Now, everybody wears the pants in the family.
While the Democrats have been celebrating the nomination of Hillary Clinton, I've been thinking about all of the American women, from the 1600s through World War II, who got arrested for wearing trousers in public. You'd like to imagine them out there somewhere admiring those Clinton pantsuits, exchanging high-fives. Ditto all of the women who supported the deeply uncomfortable bloomer movement, in the name of a feminist future.
The idea of the first-woman-major-party-nominee is a political event, but it's also a historical marker. Once everyone leaves Philadelphia and goes home, we probably won't have much chance to talk about that angle. Really, there's going to be a lot of other stuff on the agenda. The Democrats hadn't even gotten to Clinton's acceptance speech before everyone was distracted by Donald Trump encouraging the Russians to spy on his opponent.
It's also becoming clear that the campaign is so fixated on those ever-elusive white males that many Democrats would prefer to forget Susan B. Anthony and talk about Babe Ruth. That's political life. But just give us a little more time to dwell.
I'd like to think that somewhere, all of the women who worked for this moment through American history are watching and nodding happily. Like the sisters Sarah and Angelina Grimke, who really don't get enough mention. They were the daughters of a wealthy pre-Civil War South Carolina slave owner who figured out on their own, when they were hardly more than babies, that the system was wrong. (When Sarah was about 4, she went to the docks and asked a sea captain to take her to a place where whipping was prohibited.)
They went north, became lecturers, and there was something about their earnest, sweet, humorless determination that allowed them to get away with the political equivalent of murder. They trotted around the country, speaking for abolition and women's rights to audiences that — shockingly — included men.

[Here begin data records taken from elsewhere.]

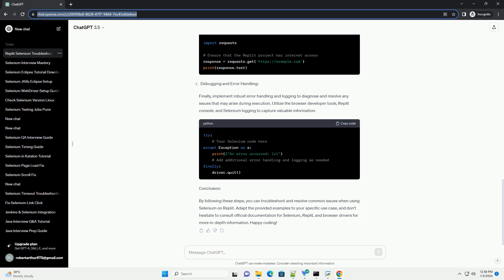Finally, implement robust error handling and logging to diagnose and resolve any issues that may arise during execution. Utilize the browser developer tools, Replit console, and Selenium logging to capture valuable information.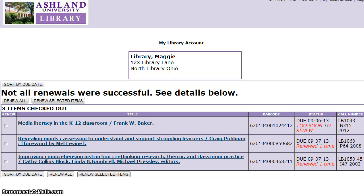Keep in mind, if the item you want to renew has been recalled or has passed the due date, renewal will not process, and you must call the Circulation Desk. You may renew AU Library items and OhioLink items using this process.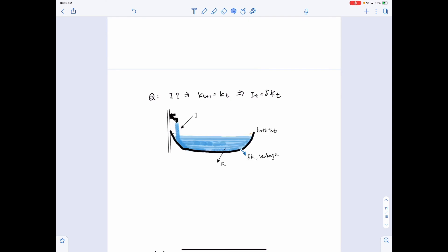Why is that the case? Think about the bathtub: we have the inflow of water representing investment, the accumulated water representing capital stock, and the leakages representing delta K. To keep the water level exactly the same at all times, the water flowing in must exactly equal the leakages. If inflow is less than delta K, the water level falls. If inflow is more than delta K, the capital stock K increases. So to maintain the same level, investment must equal the leakages, which is depreciation.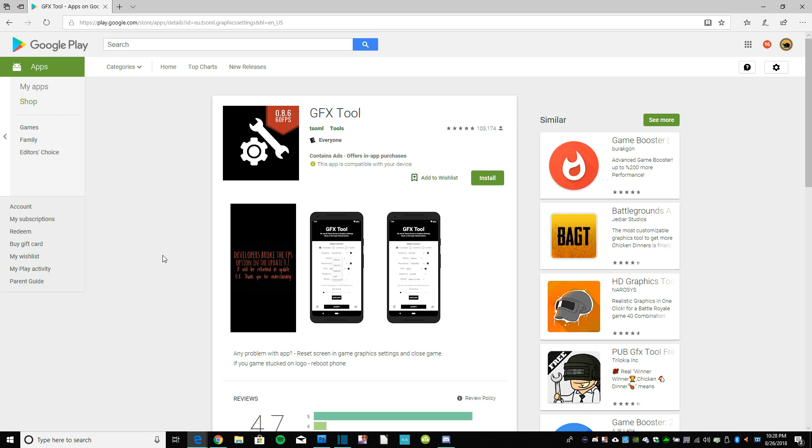And what these tools do is they unlock graphical options that are either locked because your device isn't powerful enough in the developer's eyes to run those options, or they're just locked for some other dumb reason. Maybe it doesn't ID your device properly and thinks you have a Snapdragon 500 instead of a 600 or whatever, so basically these tools unlock, for a lot of people, 60 FPS or allow it to run at 60 FPS, which is nice. But at least my understanding is these don't remove foliage, they don't remove anything that would give the user a competitive advantage.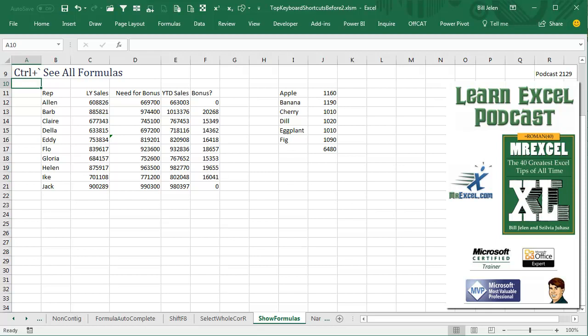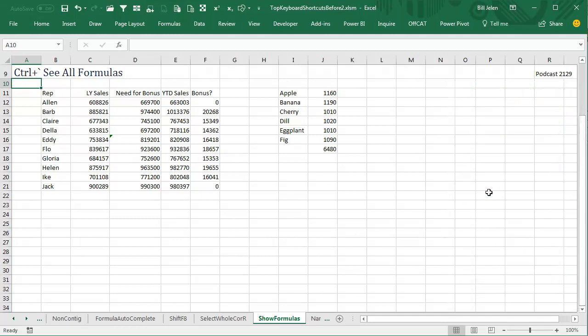Learn Excel from MrExcel podcast episode 2129: Ctrl and the Grave Accent to see all formulas.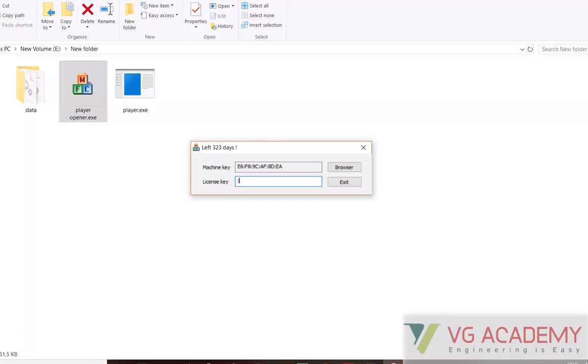When you open it, you will not get the license key initially. You will get only something called a mission key. Just copy this mission key and send it to me. This is based on your device.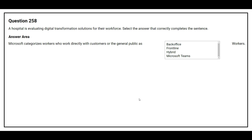Question number 258. A hospital is evaluating digital transformation solutions for their workforce. Microsoft categorizes workers who work directly with customers or the general public as frontline workers.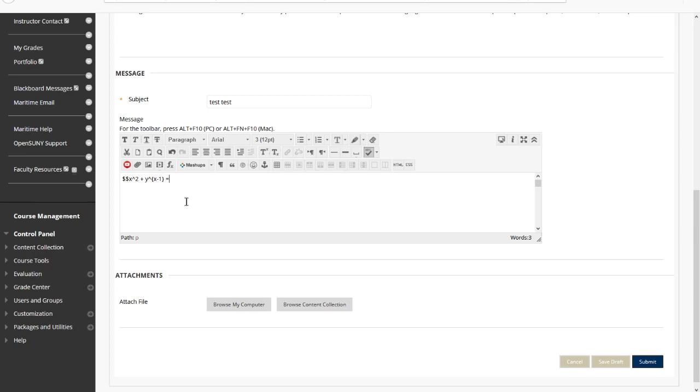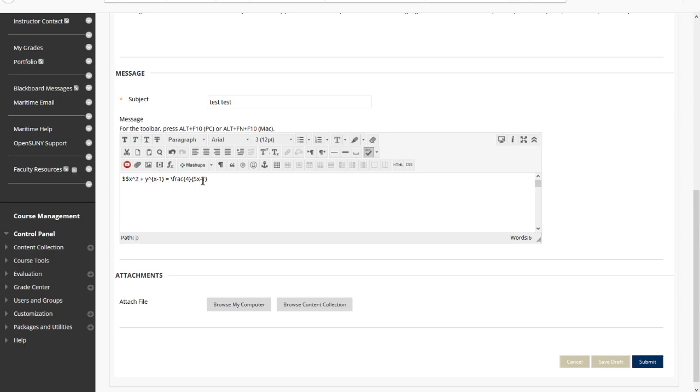And if you want to have a fraction, you can put a fraction with 4 over 5x minus 1, something like this. See that I'm using curly braces. If you use regular parentheses, it doesn't work. Make sure that when you're grouping things so that the numerator is 4 and the denominator is 5x minus 1, you put the curly braces there.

You had your occasional torch-bearing protesters, but for the most part, they triumphed by simply ignoring the possibility of bad outcomes. Angelina wound up marrying a dashing fellow abolitionist, Theodore Weld, to the amazement of Americans who had never conceived that an advocate of equal rights for women could ever find a husband.
Give the Grimkes a hand. And pick your own nominees to go with them.